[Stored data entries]
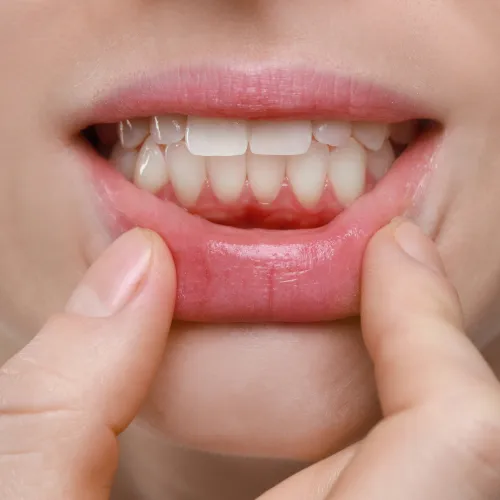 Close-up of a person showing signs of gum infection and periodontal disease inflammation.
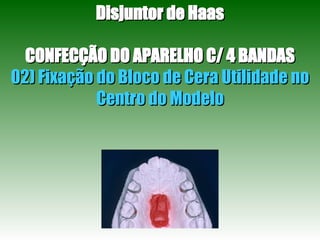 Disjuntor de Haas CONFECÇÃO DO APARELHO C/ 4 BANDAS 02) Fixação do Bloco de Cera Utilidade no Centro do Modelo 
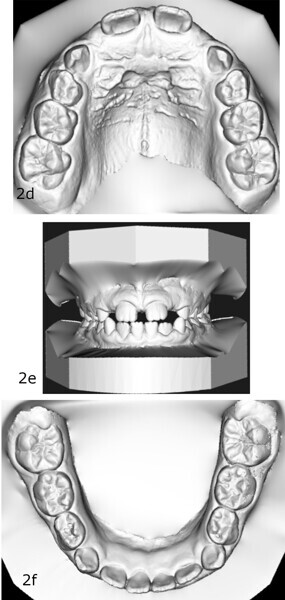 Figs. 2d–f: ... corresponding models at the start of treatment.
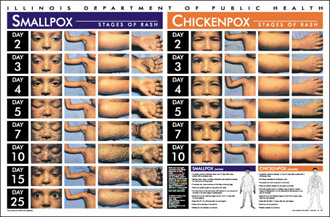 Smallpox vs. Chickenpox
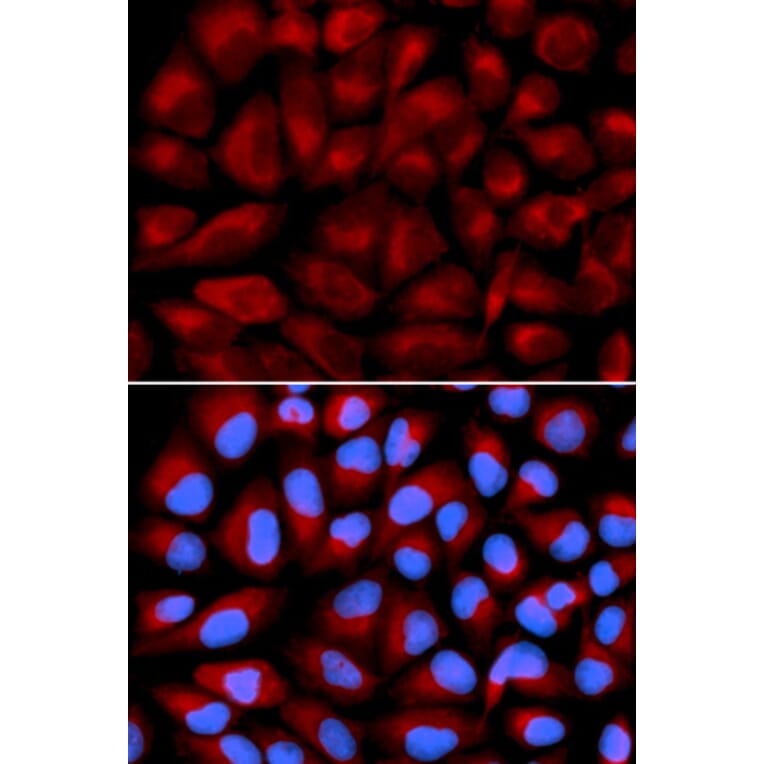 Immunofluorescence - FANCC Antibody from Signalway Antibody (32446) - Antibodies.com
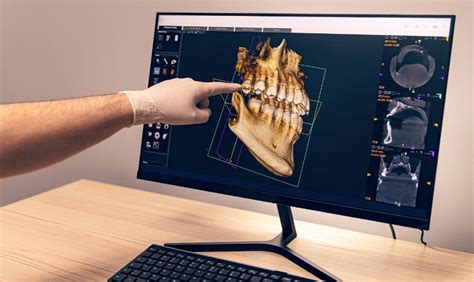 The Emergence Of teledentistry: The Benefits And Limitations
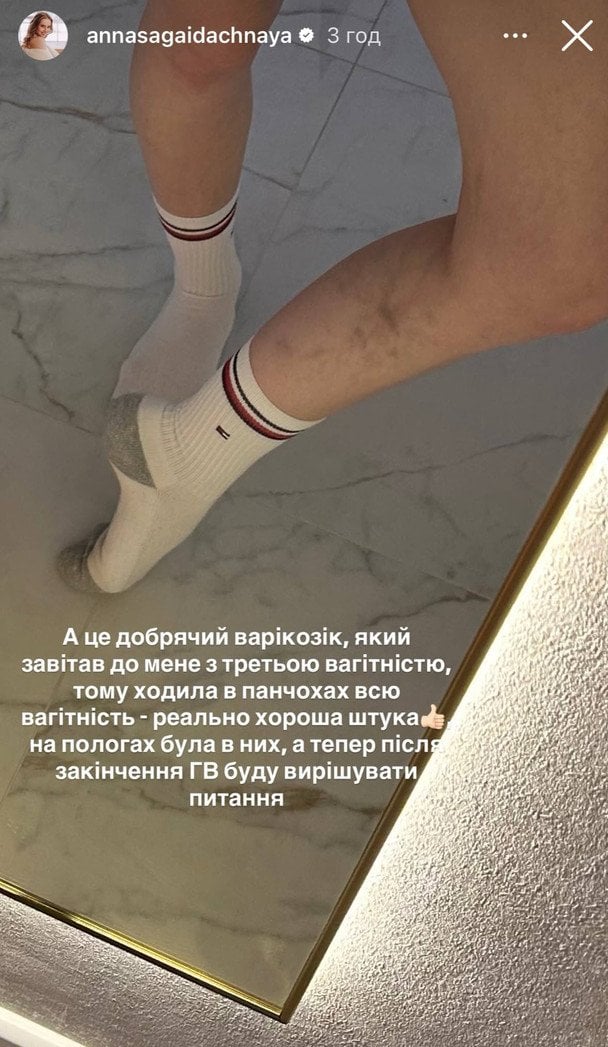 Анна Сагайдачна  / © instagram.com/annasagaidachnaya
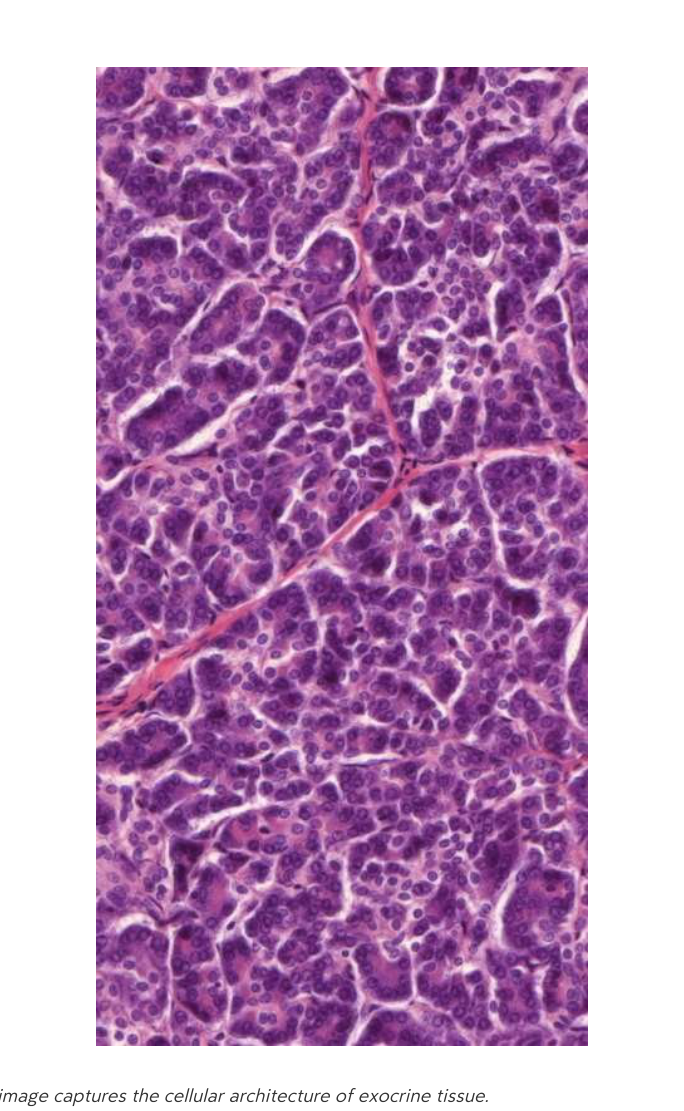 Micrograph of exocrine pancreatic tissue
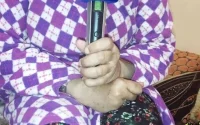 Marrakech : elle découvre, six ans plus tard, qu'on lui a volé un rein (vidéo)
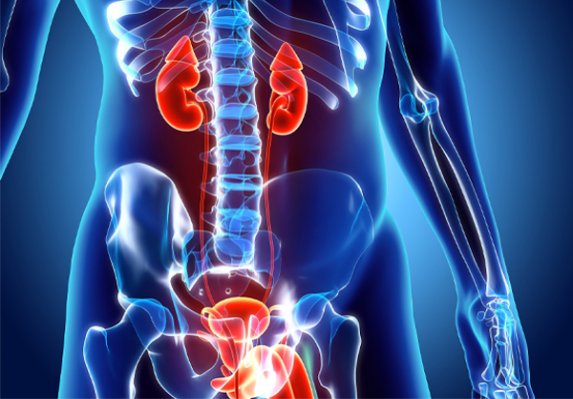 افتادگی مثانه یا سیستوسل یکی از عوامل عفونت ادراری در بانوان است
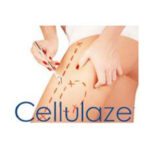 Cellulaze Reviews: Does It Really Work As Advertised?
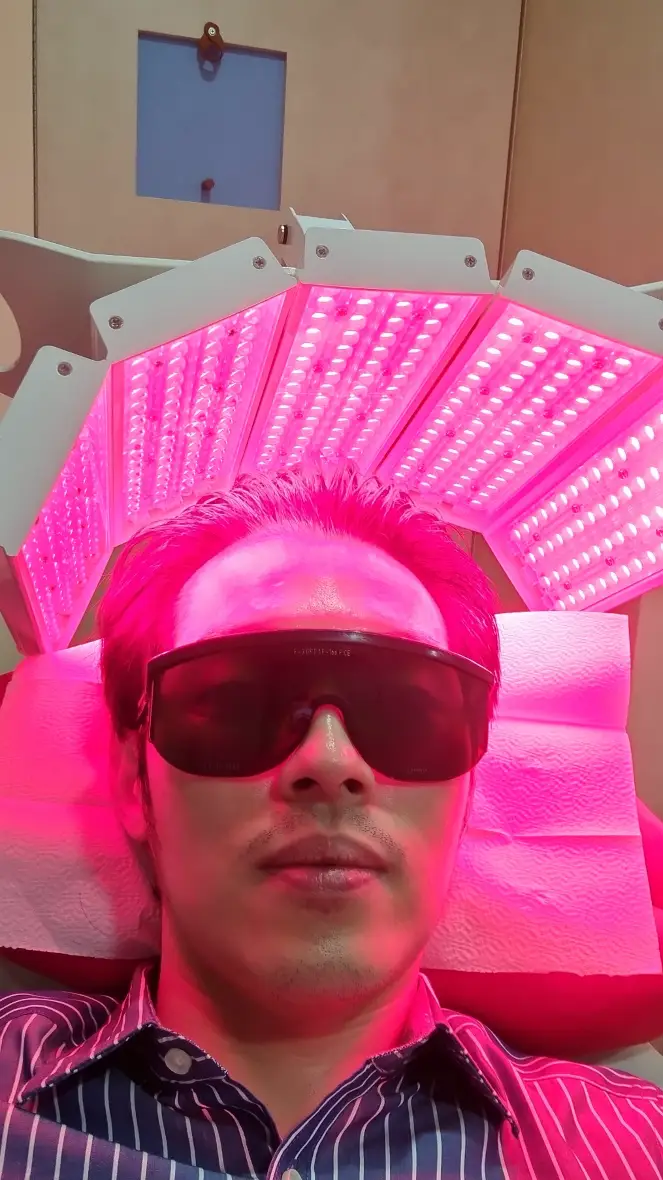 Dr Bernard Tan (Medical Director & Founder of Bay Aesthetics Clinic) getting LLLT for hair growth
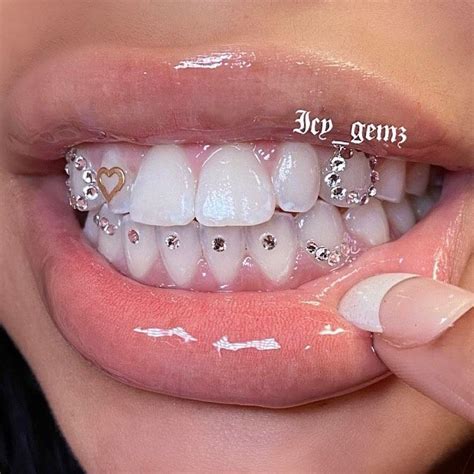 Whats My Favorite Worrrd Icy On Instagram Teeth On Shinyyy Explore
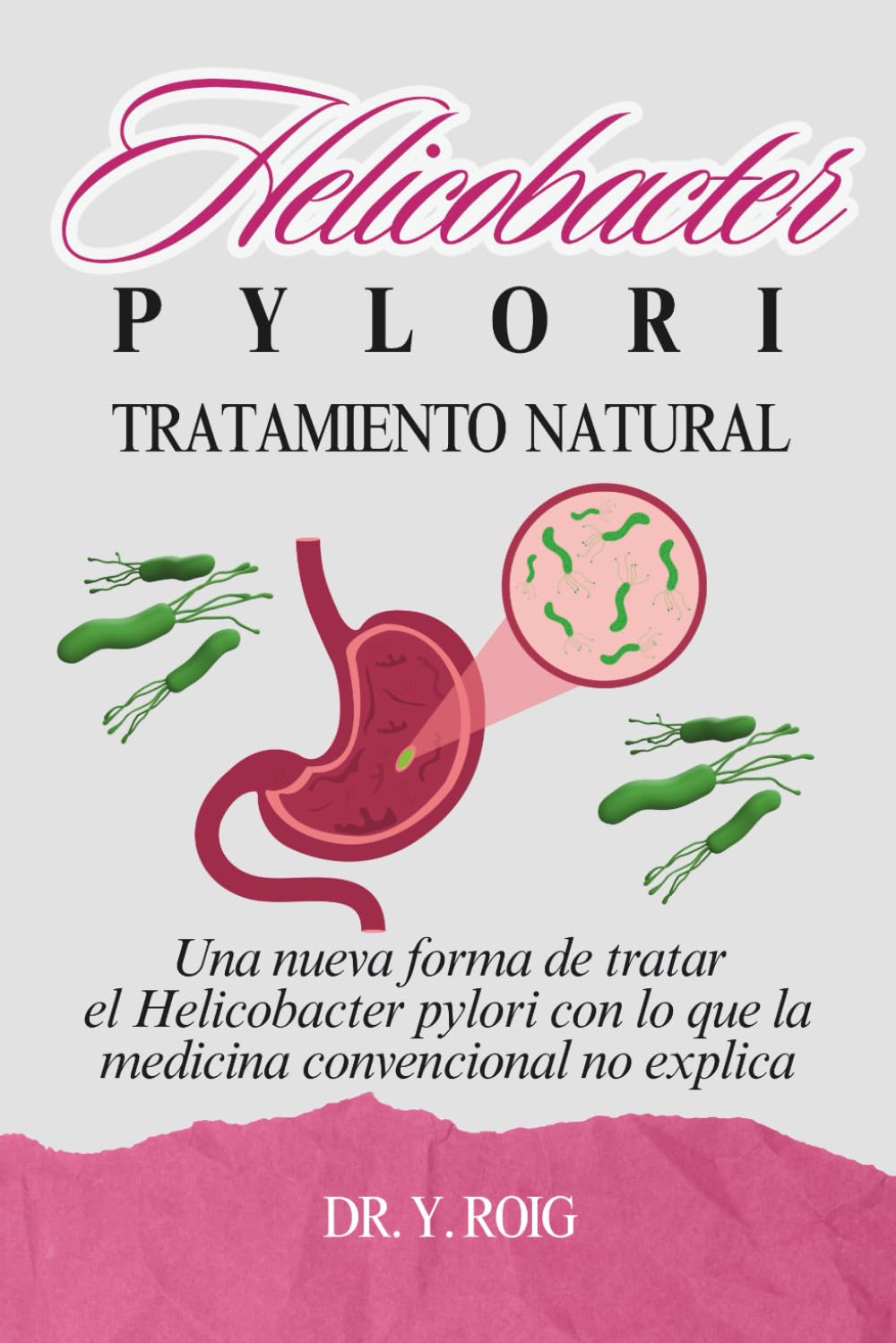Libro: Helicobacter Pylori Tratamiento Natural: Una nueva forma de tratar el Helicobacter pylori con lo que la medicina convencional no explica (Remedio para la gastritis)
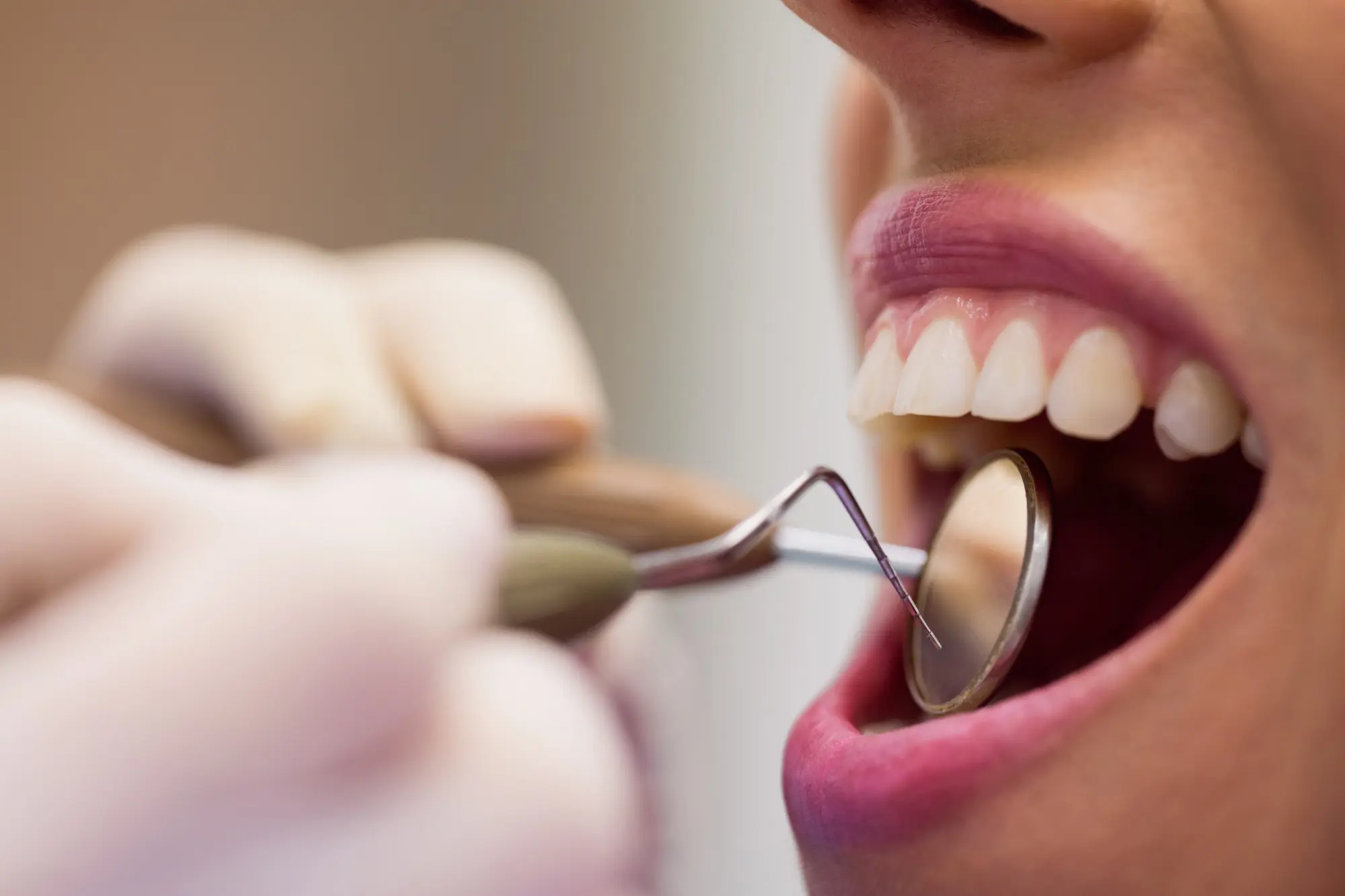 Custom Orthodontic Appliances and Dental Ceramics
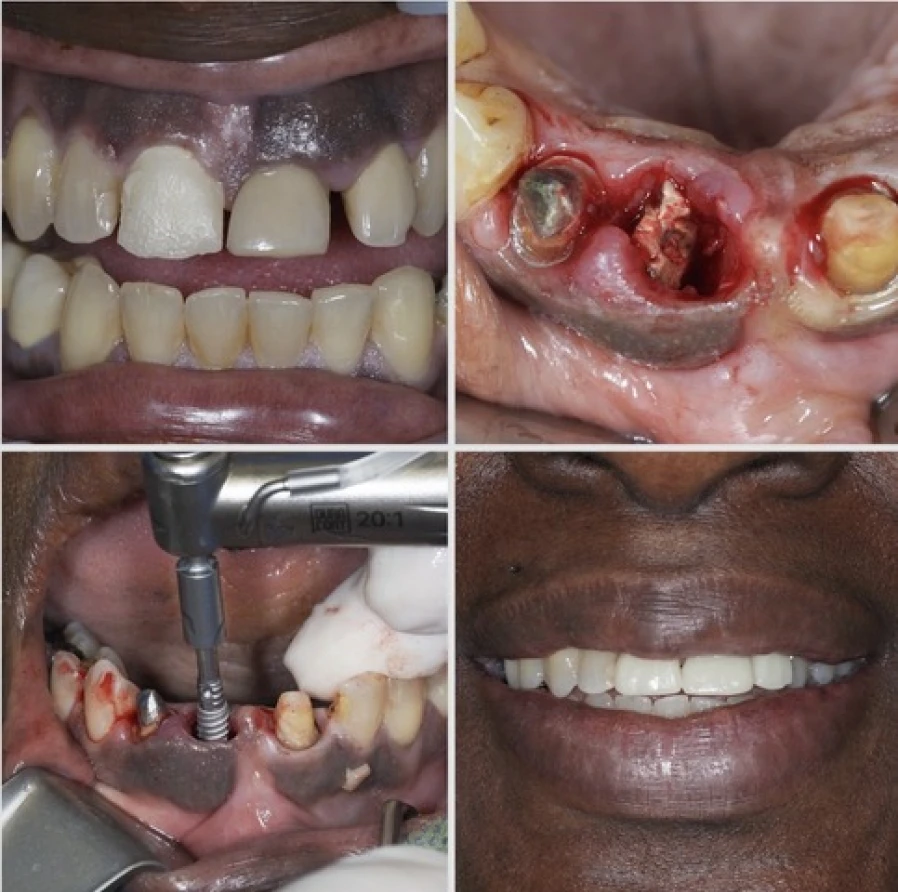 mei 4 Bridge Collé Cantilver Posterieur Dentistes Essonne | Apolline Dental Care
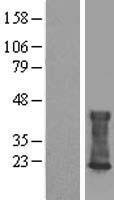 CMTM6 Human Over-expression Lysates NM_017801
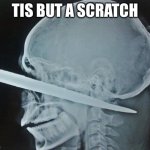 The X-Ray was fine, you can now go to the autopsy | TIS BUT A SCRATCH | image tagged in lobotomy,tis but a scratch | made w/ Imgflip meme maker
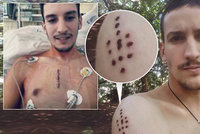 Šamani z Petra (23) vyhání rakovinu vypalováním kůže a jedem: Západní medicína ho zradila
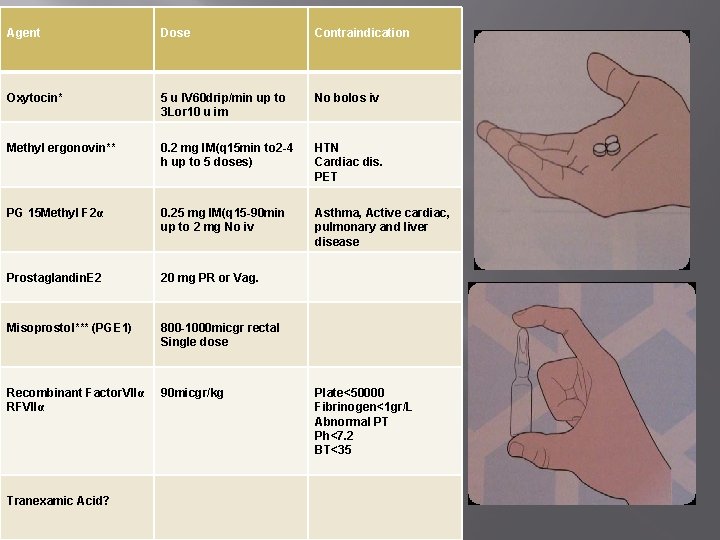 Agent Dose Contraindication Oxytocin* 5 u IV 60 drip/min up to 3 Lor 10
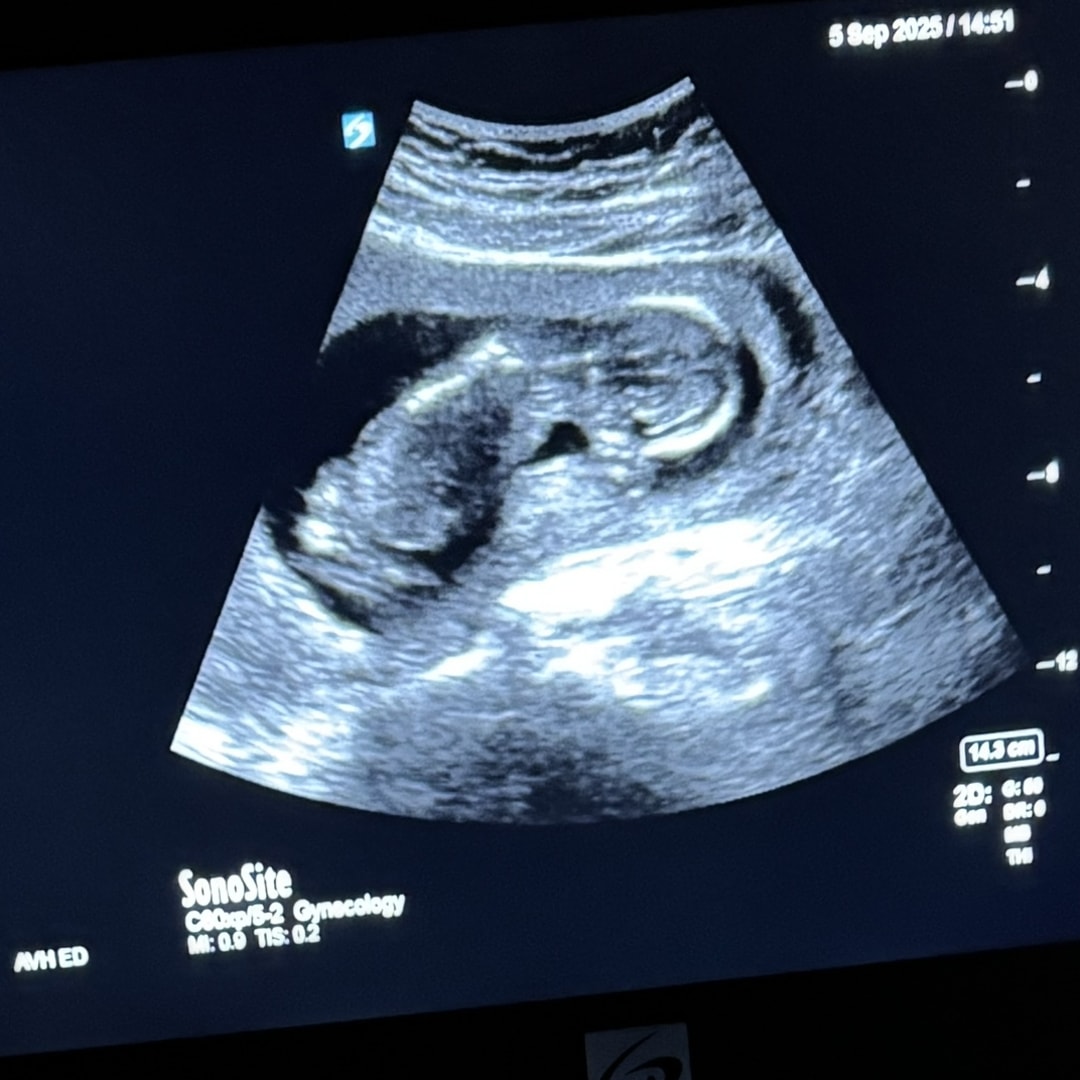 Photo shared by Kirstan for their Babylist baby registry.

*Directions for this task*
Please transcribe exactly the line containing "Custom Orthodontic Appliances" and every later line through the end of the records above, omitting pictures.

*Response below*
 Custom Orthodontic Appliances and Dental Ceramics
 mei 4 Bridge Collé Cantilver Posterieur Dentistes Essonne | Apolline Dental Care
 CMTM6 Human Over-expression Lysates NM_017801
 The X-Ray was fine, you can now go to the autopsy | TIS BUT A SCRATCH | image tagged in lobotomy,tis but a scratch | made w/ Imgflip meme maker
 Šamani z Petra (23) vyhání rakovinu vypalováním kůže a jedem: Západní medicína ho zradila
 Agent Dose Contraindication Oxytocin* 5 u IV 60 drip/min up to 3 Lor 10
 Photo shared by Kirstan for their Babylist baby registry.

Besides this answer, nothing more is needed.